> **WHAT IS EXPECTED**: Repeat the records in full, exactly.

________________________

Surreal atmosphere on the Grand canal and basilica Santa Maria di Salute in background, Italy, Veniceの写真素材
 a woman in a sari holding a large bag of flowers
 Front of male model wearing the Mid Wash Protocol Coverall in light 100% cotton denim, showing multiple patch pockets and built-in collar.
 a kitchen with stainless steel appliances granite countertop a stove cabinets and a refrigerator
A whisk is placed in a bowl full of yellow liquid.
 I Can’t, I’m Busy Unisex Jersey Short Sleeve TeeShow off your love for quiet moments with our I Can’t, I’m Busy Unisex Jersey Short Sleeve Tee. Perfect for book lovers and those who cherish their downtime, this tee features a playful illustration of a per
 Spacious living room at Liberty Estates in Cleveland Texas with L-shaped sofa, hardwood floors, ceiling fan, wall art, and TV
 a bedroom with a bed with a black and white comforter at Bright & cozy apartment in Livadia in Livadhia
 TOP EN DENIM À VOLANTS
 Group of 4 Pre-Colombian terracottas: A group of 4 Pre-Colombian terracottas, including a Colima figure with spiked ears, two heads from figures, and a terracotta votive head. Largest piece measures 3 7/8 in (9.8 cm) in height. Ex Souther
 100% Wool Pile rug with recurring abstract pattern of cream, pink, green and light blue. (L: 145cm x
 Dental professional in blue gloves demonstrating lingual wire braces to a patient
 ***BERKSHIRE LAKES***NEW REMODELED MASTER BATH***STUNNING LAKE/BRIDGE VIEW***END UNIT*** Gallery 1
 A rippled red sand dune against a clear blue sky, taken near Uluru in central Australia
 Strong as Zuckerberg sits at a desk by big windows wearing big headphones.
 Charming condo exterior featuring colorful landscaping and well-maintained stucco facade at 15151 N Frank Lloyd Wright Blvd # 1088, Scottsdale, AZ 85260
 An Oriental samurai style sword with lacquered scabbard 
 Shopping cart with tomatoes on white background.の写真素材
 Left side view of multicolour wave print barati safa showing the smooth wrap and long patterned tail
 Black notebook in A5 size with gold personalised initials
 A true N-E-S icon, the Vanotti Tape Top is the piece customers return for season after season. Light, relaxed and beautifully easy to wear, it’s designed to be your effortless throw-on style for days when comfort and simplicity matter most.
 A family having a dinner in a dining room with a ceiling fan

________________________

> **SOLUTION TO THE EXERCISE**:
Surreal atmosphere on the Grand canal and basilica Santa Maria di Salute in background, Italy, Veniceの写真素材
 a woman in a sari holding a large bag of flowers
 Front of male model wearing the Mid Wash Protocol Coverall in light 100% cotton denim, showing multiple patch pockets and built-in collar.
 a kitchen with stainless steel appliances granite countertop a stove cabinets and a refrigerator
A whisk is placed in a bowl full of yellow liquid.
 I Can’t, I’m Busy Unisex Jersey Short Sleeve TeeShow off your love for quiet moments with our I Can’t, I’m Busy Unisex Jersey Short Sleeve Tee. Perfect for book lovers and those who cherish their downtime, this tee features a playful illustration of a per
 Spacious living room at Liberty Estates in Cleveland Texas with L-shaped sofa, hardwood floors, ceiling fan, wall art, and TV
 a bedroom with a bed with a black and white comforter at Bright & cozy apartment in Livadia in Livadhia
 TOP EN DENIM À VOLANTS
 Group of 4 Pre-Colombian terracottas: A group of 4 Pre-Colombian terracottas, including a Colima figure with spiked ears, two heads from figures, and a terracotta votive head. Largest piece measures 3 7/8 in (9.8 cm) in height. Ex Souther
 100% Wool Pile rug with recurring abstract pattern of cream, pink, green and light blue. (L: 145cm x
 Dental professional in blue gloves demonstrating lingual wire braces to a patient
 ***BERKSHIRE LAKES***NEW REMODELED MASTER BATH***STUNNING LAKE/BRIDGE VIEW***END UNIT*** Gallery 1
 A rippled red sand dune against a clear blue sky, taken near Uluru in central Australia
 Strong as Zuckerberg sits at a desk by big windows wearing big headphones.
 Charming condo exterior featuring colorful landscaping and well-maintained stucco facade at 15151 N Frank Lloyd Wright Blvd # 1088, Scottsdale, AZ 85260
 An Oriental samurai style sword with lacquered scabbard 
 Shopping cart with tomatoes on white background.の写真素材
 Left side view of multicolour wave print barati safa showing the smooth wrap and long patterned tail
 Black notebook in A5 size with gold personalised initials
 A true N-E-S icon, the Vanotti Tape Top is the piece customers return for season after season. Light, relaxed and beautifully easy to wear, it’s designed to be your effortless throw-on style for days when comfort and simplicity matter most.
 A family having a dinner in a dining room with a ceiling fan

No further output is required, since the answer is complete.